The Piano Lesson, one of the ten plays August Wilson wrote that chronicles African-American life in the twentieth century, is receiving an impressive production at Hartford Stage. Set in Pittsburgh in the 1930’s, the story can be seen as a straightforward domestic drama about a brother and sister arguing over the fate of a prized heirloom piano. But Wilson paints in broad strokes so the sibling struggle is more the catalyst for an examination of life during this timeframe. He touches on The Great Migration north by African-Americans, their struggles in Pittsburgh, the lack of acceptance between northern and southern brethren, racial intolerance and despair. For this rendering, composer Baikida Carroll has added music and songs that evoke the mood and times, incorporating gospel, blues, and work songs into the fabric of the play.
The basic thrust of the story involves the desire of Boy Willie (Clifton Duncan), a young man from the south, who comes up north with the goal of selling his sister Berniece’s (Christina Acosta Robinson) prized, family piano. This set-up unleashes an abundance of conflicting emotions within the extended family that includes Lymon (Galen Ryan Kane), Boy Willie’s friend; Doaker (Roscoe Orman), the uncle who’s house Berniece and her daughter Maretha (Elise Taylor) live in; Doaker’s brother Wining Boy (Cleavant Derricks) an over-the-hill entertainer and boozer in from Kansas City; and Avery (Daniel Morgan Shelley), a would-be preacher who has been persistently wooing Berniece to become his wife. The household conflict serves as a springboard for issues confronting African-Americans during this period.
The multi-level saga pulsates with anger, determination, and wistfulness. Wilson has developed richly defined characters, all striving for a better existence. They are in flux and undergoing seismic changes. He subtly, but pointedly, contrasts the northern and southern African-American lifestyles and desires. The playwright’s use of ghostly imagery is an effective mechanism in exploring and exorcising age-old beliefs and memories.
The first-rate cast is led by Clifton Duncan as Willie Boy. He is boisterous, obstinate, and single-minded in the pursuit of his dream of owning his own farm. He is the nexus in which all the other characters revolve around. Christina Acosta Robinson as Berniece is stoic and resolute in her desire to better the lives of herself and daughter. On the surface she appears unfeeling and stringent, but underneath churns a woman seeking real love and passion. Galen Ryan Kane, as Willie Boy’s friend Lymon, yearns to break from his southern heritage to begin anew up north. The actor brings a laid back and pensive quality to his role, which finely balances with the more strongly expressive characters. Roscoe Orman’s Doaker is the most sensible member of the household. He is contemplative and mannered, but not so detached to back down from a good time. Cleavant Derricks’ Wining Boy provides good-natured comic relief flecked with regret and unrealized ambitions. Rounding out the splendid cast is Daniel Morgan Shelley as Avery, Elise Taylor as the young daughter Maretha, and Toccarra Cash as Grace.

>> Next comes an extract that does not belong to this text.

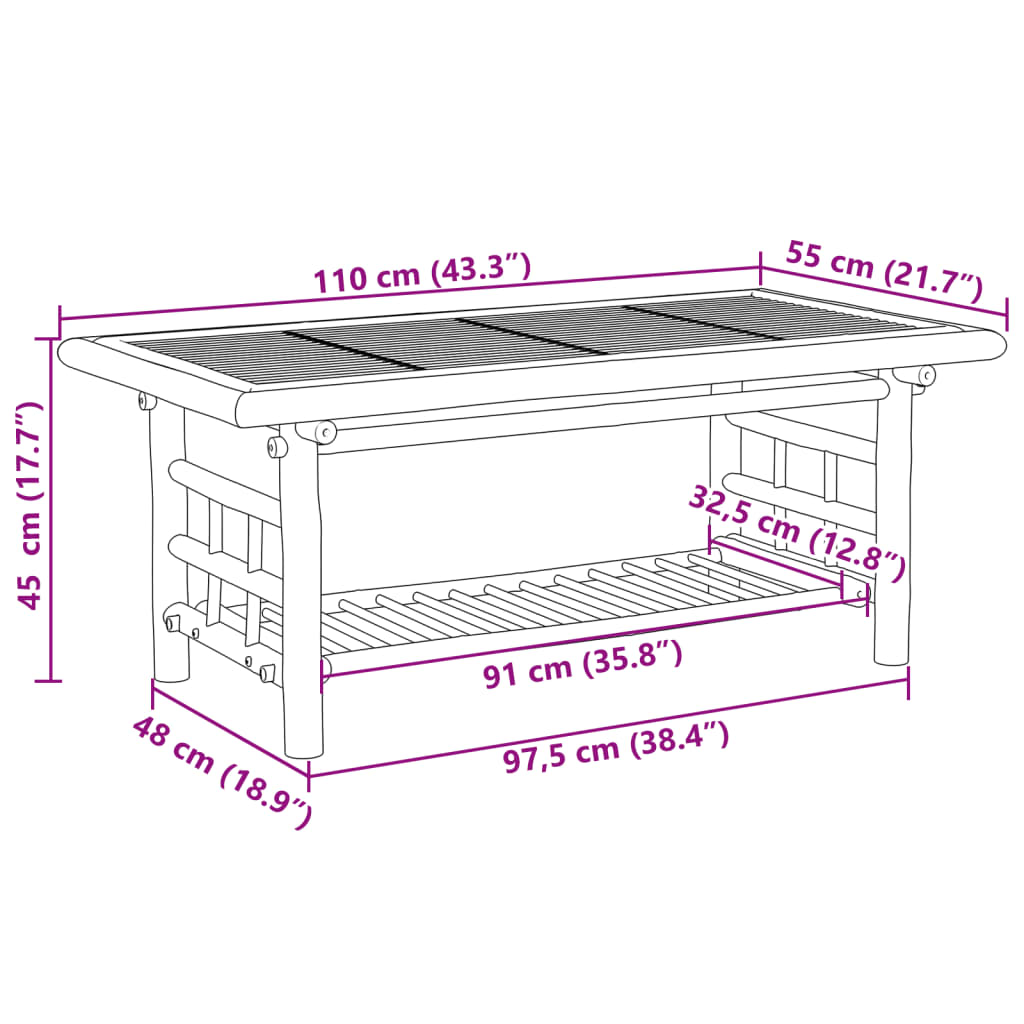 Tavolino da Salotto 110x55x45 cm in Bambù | homemem39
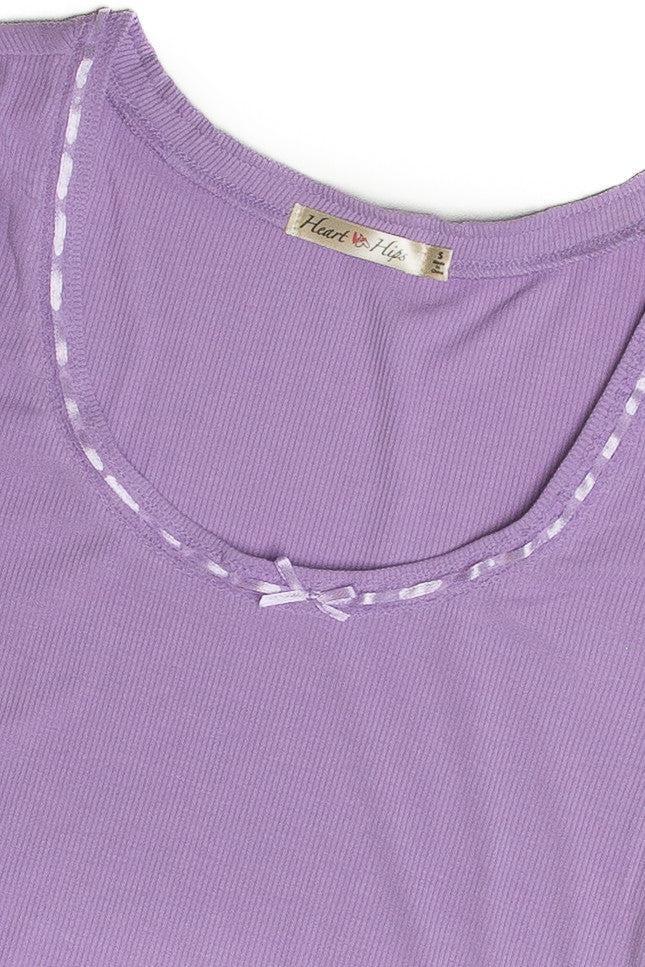 Lavender Satin Bow Ribbed Shirt Product Image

Director Jade King Carroll skillfully creates an environment that comes across as natural and unforced. Scenes seamlessly flow together. She injects intelligent and compelling flourishes into scenes such as the floor stomping railroad work song. While heartache and humor are at the play’s core she also demonstrates a deft touch with tender moments as with the intimate scene between Berniece and Lymon. The director artfully controls the tempo of the show, building the tension of the production to a feverish pitch. The play’s resolution, however, does come a bit too quickly and seems rushed.
The scenic design, a simple, unadorned ground floor living room and second floor landing, by Alexis Distler quietly and modestly evokes the Pittsburgh Hill District where the action of the play takes place.
The Piano Lesson, a winning and absorbing drama, playing at Hartford Stage through November 13th.